East Lansing Public Schools recently announced plans to start the school year with homebound learning.

Rayment-Gruber said she was relieved by the district’s decision, and isn’t certain if daughter Mia will return to school even if the district opens school buildings in the falI.

“I don’t like feeling that things are out of my control when it comes to my family’s health and safety,” she said.

Robert McCann, executive director of the Tri-County Alliance for Public Education, a statewide education advocacy organization, said he isn’t surprised by the poll’s findings.

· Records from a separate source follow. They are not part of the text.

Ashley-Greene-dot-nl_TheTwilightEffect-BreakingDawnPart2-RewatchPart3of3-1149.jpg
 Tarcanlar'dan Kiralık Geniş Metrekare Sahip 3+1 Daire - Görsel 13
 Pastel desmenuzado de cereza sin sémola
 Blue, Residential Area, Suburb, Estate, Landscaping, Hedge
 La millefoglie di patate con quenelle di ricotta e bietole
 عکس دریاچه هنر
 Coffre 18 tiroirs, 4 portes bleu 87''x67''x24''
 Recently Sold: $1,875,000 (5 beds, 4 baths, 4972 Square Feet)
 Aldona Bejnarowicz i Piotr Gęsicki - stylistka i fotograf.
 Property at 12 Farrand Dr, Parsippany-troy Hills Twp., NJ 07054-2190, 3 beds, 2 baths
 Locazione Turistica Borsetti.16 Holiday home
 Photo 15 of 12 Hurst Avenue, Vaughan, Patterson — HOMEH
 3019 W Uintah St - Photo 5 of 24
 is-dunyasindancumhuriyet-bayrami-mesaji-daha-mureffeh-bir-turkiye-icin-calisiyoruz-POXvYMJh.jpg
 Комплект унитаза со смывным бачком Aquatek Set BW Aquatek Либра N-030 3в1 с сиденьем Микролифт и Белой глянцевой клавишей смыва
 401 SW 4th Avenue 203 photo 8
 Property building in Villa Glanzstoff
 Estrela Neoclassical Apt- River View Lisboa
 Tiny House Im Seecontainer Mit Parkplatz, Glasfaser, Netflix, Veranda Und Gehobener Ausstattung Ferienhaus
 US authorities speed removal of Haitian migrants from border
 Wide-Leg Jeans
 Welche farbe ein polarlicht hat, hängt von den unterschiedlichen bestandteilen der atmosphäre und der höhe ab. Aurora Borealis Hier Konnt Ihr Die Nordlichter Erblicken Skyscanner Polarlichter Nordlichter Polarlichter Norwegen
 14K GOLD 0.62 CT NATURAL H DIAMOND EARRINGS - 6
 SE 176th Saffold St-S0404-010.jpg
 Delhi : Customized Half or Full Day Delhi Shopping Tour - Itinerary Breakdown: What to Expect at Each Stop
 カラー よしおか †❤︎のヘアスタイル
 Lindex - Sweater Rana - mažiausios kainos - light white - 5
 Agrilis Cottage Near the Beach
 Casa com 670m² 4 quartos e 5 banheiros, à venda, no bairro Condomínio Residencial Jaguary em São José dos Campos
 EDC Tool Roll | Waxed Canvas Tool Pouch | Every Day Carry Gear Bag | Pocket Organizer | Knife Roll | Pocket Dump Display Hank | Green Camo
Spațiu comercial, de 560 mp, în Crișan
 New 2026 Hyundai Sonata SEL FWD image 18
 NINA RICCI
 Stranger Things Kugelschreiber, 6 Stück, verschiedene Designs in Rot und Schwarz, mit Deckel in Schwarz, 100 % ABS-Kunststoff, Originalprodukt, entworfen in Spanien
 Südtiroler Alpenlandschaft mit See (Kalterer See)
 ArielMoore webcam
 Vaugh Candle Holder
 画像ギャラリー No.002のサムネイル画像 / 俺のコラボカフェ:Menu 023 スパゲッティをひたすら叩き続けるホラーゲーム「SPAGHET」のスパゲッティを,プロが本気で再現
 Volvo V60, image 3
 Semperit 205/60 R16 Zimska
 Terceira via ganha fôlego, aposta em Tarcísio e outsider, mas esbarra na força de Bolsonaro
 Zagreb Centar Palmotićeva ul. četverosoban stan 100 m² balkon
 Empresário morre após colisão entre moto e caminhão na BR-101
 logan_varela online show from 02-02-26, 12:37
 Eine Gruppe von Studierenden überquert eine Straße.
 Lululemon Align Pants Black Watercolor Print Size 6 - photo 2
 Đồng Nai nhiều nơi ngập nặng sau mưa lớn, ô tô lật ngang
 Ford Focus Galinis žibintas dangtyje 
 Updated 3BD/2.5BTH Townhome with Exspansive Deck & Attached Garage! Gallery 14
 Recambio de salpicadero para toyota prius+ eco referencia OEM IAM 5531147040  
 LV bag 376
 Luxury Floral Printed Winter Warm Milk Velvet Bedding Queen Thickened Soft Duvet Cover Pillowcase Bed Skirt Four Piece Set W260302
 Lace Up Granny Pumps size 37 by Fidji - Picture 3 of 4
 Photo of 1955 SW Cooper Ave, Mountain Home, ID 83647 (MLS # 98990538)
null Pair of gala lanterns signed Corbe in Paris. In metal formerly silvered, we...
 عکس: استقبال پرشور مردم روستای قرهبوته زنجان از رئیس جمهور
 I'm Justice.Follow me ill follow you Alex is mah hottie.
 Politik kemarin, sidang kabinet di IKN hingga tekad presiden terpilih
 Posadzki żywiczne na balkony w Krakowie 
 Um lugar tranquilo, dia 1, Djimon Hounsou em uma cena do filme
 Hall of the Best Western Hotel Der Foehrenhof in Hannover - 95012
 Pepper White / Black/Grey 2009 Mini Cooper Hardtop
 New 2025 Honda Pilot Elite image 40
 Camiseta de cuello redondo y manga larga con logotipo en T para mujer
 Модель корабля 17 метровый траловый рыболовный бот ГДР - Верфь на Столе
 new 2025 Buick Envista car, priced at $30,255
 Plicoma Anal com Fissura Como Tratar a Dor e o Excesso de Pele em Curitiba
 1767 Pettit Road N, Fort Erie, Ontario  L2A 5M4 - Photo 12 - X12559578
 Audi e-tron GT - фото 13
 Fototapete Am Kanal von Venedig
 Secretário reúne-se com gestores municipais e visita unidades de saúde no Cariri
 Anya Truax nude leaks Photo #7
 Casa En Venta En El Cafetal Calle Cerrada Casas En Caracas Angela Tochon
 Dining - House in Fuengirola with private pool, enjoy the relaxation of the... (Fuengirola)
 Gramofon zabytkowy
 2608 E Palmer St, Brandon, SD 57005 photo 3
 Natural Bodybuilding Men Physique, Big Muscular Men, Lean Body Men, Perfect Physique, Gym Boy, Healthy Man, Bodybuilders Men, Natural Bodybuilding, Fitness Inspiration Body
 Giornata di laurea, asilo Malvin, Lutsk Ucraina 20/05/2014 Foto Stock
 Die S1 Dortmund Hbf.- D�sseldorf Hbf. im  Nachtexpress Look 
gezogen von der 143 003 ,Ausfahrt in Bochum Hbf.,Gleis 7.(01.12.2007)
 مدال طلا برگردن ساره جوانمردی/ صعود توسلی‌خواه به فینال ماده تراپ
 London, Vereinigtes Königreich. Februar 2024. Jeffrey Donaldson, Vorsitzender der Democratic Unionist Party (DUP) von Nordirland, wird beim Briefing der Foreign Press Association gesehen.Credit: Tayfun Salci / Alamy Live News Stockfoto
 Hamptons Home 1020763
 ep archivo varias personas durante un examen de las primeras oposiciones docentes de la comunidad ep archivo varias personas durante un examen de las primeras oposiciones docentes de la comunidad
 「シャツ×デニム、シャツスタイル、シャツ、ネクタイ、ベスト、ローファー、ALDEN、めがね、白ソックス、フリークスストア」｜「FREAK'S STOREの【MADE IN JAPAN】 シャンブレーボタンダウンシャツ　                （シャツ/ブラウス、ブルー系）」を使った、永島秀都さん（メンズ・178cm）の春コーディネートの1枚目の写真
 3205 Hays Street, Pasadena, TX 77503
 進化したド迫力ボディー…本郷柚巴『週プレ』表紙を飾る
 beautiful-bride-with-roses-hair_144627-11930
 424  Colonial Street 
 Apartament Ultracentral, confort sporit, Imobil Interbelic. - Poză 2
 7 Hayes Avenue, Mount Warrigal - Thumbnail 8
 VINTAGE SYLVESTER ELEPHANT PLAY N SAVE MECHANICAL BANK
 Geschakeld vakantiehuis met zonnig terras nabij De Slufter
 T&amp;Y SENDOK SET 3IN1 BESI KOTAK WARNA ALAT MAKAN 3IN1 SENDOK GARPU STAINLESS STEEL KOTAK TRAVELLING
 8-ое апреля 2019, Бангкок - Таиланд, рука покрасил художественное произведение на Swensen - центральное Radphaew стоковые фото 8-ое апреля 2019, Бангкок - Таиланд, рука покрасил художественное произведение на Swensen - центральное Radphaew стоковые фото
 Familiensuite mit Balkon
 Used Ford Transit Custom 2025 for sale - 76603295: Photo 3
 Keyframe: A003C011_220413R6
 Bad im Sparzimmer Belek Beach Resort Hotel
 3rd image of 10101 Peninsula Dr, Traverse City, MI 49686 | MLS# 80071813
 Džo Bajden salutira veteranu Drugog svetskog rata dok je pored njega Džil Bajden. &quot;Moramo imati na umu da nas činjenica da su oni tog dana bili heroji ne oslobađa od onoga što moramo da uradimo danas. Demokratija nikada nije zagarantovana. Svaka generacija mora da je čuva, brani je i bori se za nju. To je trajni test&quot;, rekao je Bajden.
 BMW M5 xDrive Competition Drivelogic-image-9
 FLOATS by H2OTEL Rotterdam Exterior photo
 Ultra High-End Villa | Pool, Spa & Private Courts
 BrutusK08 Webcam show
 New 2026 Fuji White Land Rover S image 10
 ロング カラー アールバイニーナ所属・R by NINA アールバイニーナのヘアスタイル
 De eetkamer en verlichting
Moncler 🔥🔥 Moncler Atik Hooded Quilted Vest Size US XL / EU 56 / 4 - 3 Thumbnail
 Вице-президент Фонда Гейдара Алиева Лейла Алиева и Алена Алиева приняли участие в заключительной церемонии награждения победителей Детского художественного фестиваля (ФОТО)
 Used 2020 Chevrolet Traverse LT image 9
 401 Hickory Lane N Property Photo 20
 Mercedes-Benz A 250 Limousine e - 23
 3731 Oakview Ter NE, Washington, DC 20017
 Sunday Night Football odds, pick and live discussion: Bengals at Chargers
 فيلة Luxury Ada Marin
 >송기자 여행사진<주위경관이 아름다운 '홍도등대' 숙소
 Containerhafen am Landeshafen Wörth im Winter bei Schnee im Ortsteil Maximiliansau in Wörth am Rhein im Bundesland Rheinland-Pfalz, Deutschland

“While every educator and teacher is doing everything they can to provide the safest setting possible, there are things out of their control,” McCann said. “Anyone who thinks parents are going to be [comfortable] … is being naïve.”

Porn said polls he’s conducted for individual Michigan school districts of parents in those districts reveal that schools face a nearly impossible task pleasing everyone. “You have about 35 percent who don’t want to wear masks in school, and 20 percent that won’t go back [to classrooms during the pandemic] and 40 percent who will go back if there are precautions,” Porn said.

Those varied, hardened positions by families are why most Michigan schools are offering options in which students can attend classes in-person some or all of the week, or take all classes online, said Peter Spadafore, deputy executive director for external relations for the Michigan Association of Superintendents and Administrators.

The notion is to provide options that “address the concerns of parents as much as possible,” Spadafore said.

“We all want our kids back in the building,” said parent Rayment-Gruber, “but we want to know it’s safe for them and the teacher and community to do that.”